Using stochastic language models (SLM) to map lexical, syntactic, and phonological information processing in the brain
Lopopolo, A., Frank, S. L., Van den Bosch, A., & Willems, R. M.
Using stochastic language models (SLM) to map lexical, syntactic, and phonological information processing in the brain. PLoS One, 12
(5): e0177794. doi:10.1371/journal.pone.0177794.

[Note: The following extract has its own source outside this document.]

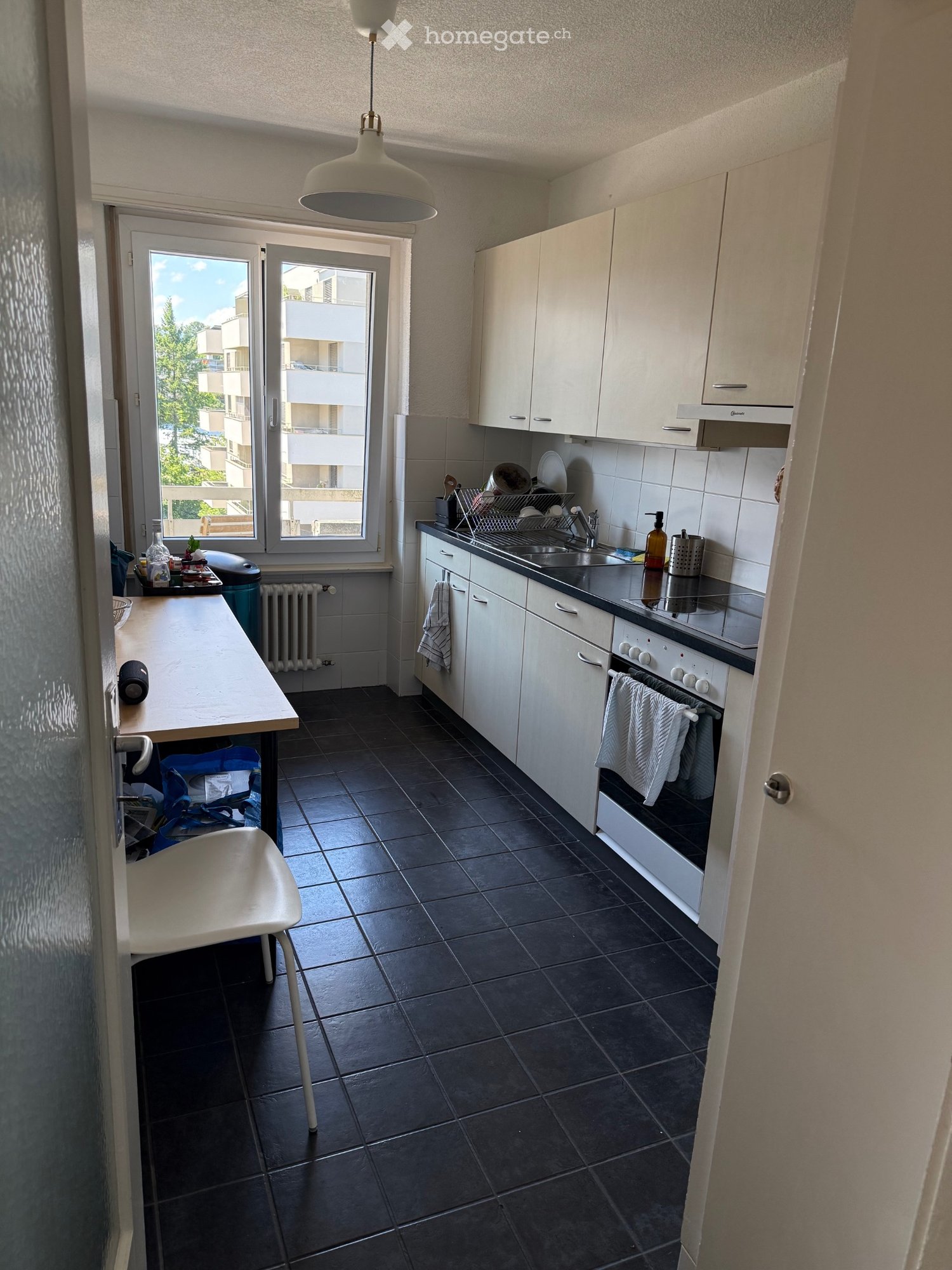 3 rooms apartment, Foto 4 von 5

Language comprehension involves the simultaneous processing of information at the phonological, syntactic, and lexical level. We track these three distinct streams of information in the brain by using stochastic measures derived from computational language models to detect neural correlates of phoneme, part-of-speech, and word processing in an fMRI experiment. Probabilistic language models have proven to be useful tools for studying how language is processed as a sequence of symbols unfolding in time. Conditional probabilities between sequences of words are at the basis of probabilistic measures such as surprisal and perplexity which have been successfully used as predictors of several behavioural and neural correlates of sentence processing. Here we computed perplexity from sequences of words and their parts of speech, and their phonemic transcriptions. Brain activity time-locked to each word is regressed on the three model-derived measures. We observe that the brain keeps track of the statistical structure of lexical, syntactic and phonological information in distinct areas.